British Parliament seizes control of Brexit process from PM May

British Prime Minister Theresa May faces pressure to resign in exchange for votes for her Brexit deal as a new European Union deadline looms. Photo by Hugo Philpott/UPI

March 26 (UPI) — The British Parliament voted to seize control of the Brexit process from Prime Minister Theresa May and her government Monday.

The amendment to seize control of the parliamentary timetable for a series of “indicative votes” for the next steps of the Brexit process passed by a vote of 329-302, The Guardian reported.

Foreign Affairs Minister Alistair Burt, Health Minister Steve Brine and Business Minister Richard Harrington resigned from the government to back the amendment.

May, who said Monday she didn’t have enough support for a third meaningful vote on her Brexit deal with the European Union, didn’t state whether she would abide by the outcome of the vote.

“No government could give a blank check to commit to an outcome without knowing what it is. So I cannot commit the government to delivering the outcome of any votes held by this house. But I do commit to engaging constructively with this process,” she said.

The European Union gave May a deadline this week to get Parliament to approve their deal or force Britain out without a withdrawal agreement, which could bring sudden changes.

An estimated 1 million people participated in a march in London on Saturday, demanding a second public vote on Brexit.
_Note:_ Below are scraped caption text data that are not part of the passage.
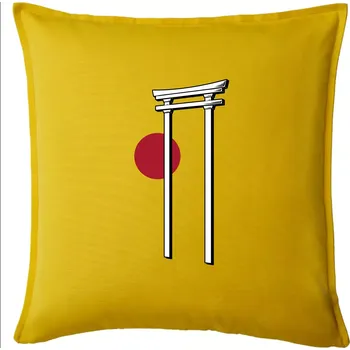 Polštář Japan culture - architektura - Polštář 50x50 - 50x50 - Pouze potah ( Žlutá )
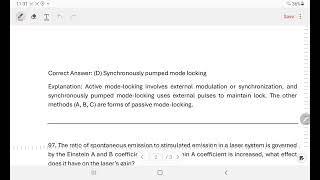 Answer KeyScientific Officer Physics 6362023  Conducted 29112024Part 1 [upl. by Ikim]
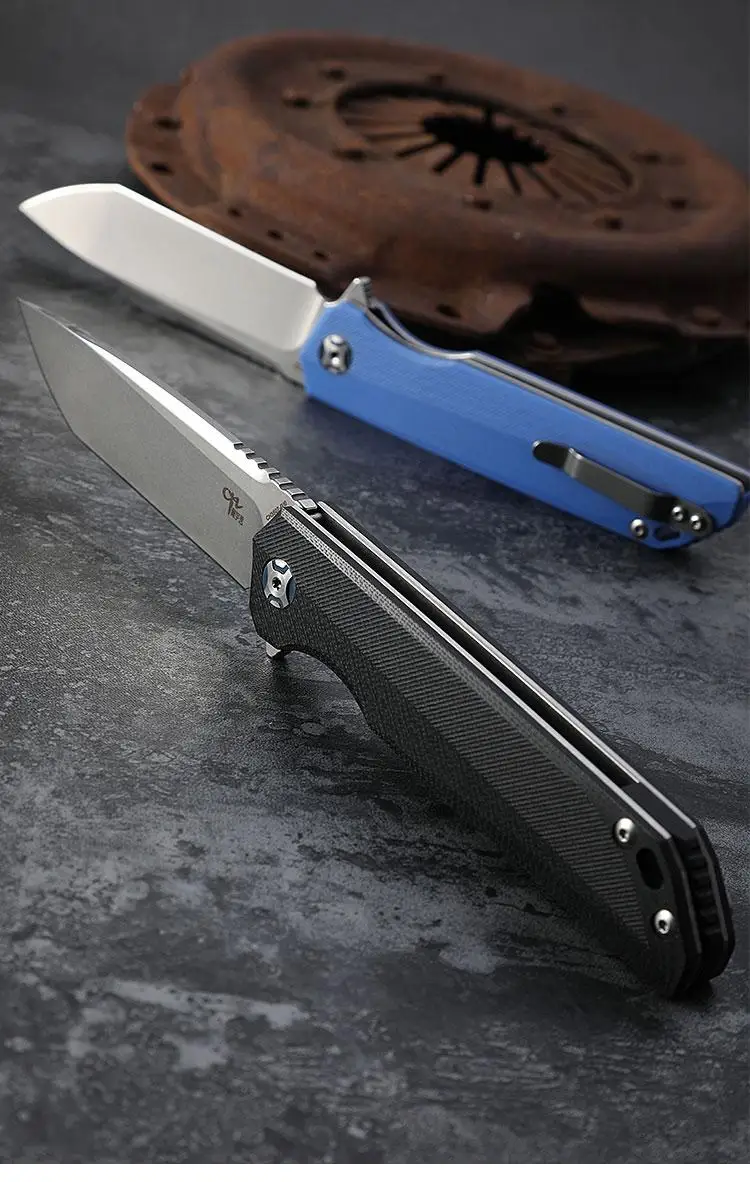 CH 3507 original D2 steel folding knife G10 handle ball bearing tumbling outdoor camping knives hunting fishing pocket EDC tool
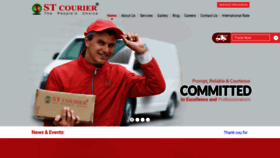 What Stcourier.com website looked like in 2019 (5 years ago)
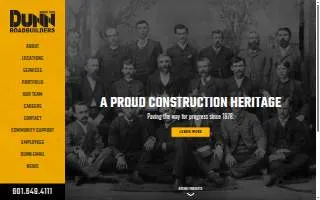 Dunn Roadbuilders website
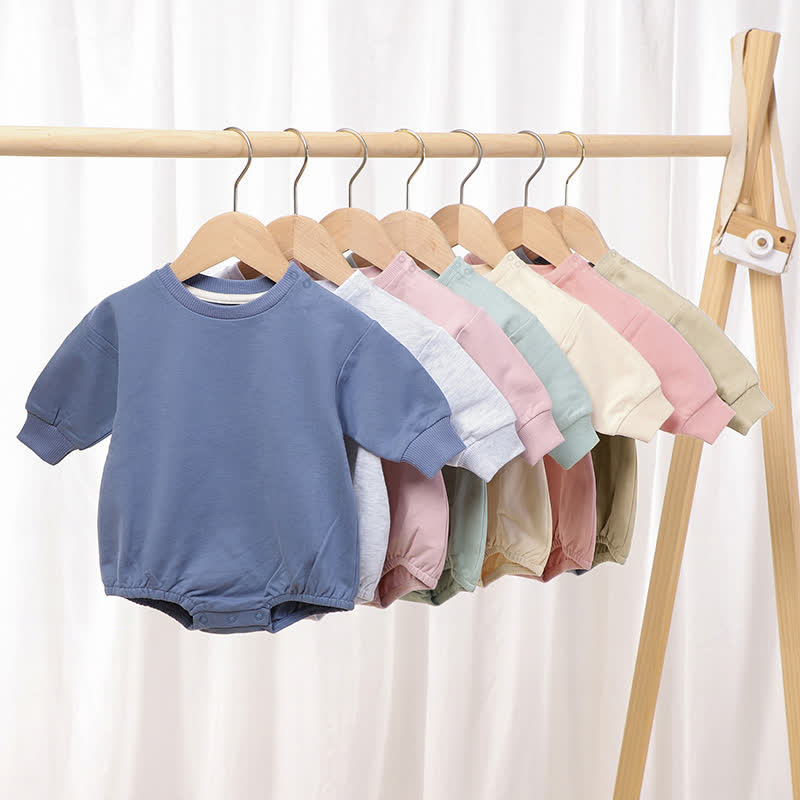 Baby Simple Solid Color Comfort Bodysuit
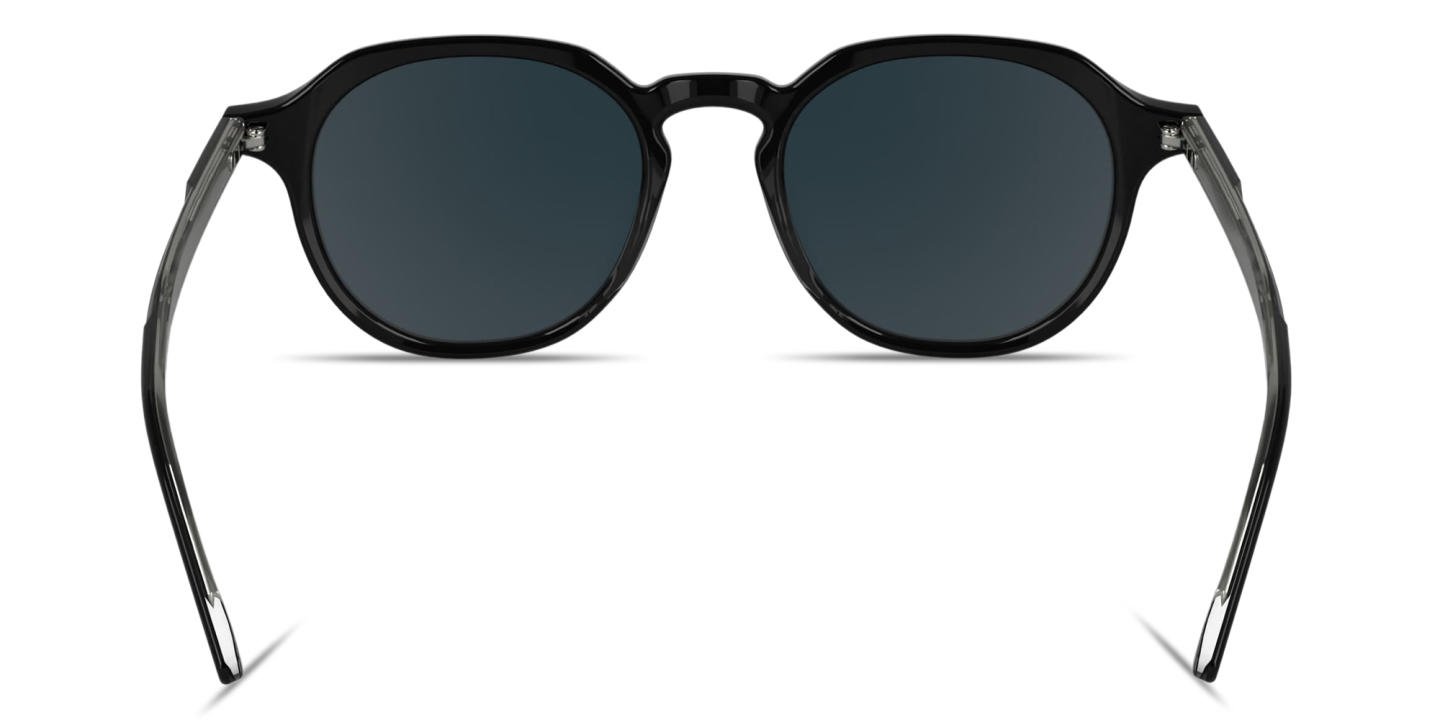 Calvin Klein Logo Signature Unisex Panthos Sunglasses in Black – Product Photo 3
The European Union, though, issued an announcement Monday saying that it has prepared for Britain to leave the European Union without a deal.

“This will obviously cause significant disruption for citizens and businesses. In such a scenario, the UK’s relations with the EU would be governed by general international public law, including rules of the World Trade Organization,” the statement said.

“The EU will be required to immediately apply its rules and tariffs at its borders with the UK. This includes checks and controls for customs, sanitary and phytosanitary standards and verification of compliance with EU norms. Despite the considerable preparations of the Member States’ customs authorities, these controls could cause significant delays at the border. UK entities would also cease to be eligible to receive EU grants and to participate in EU procurement procedures under current terms,” the statement continued.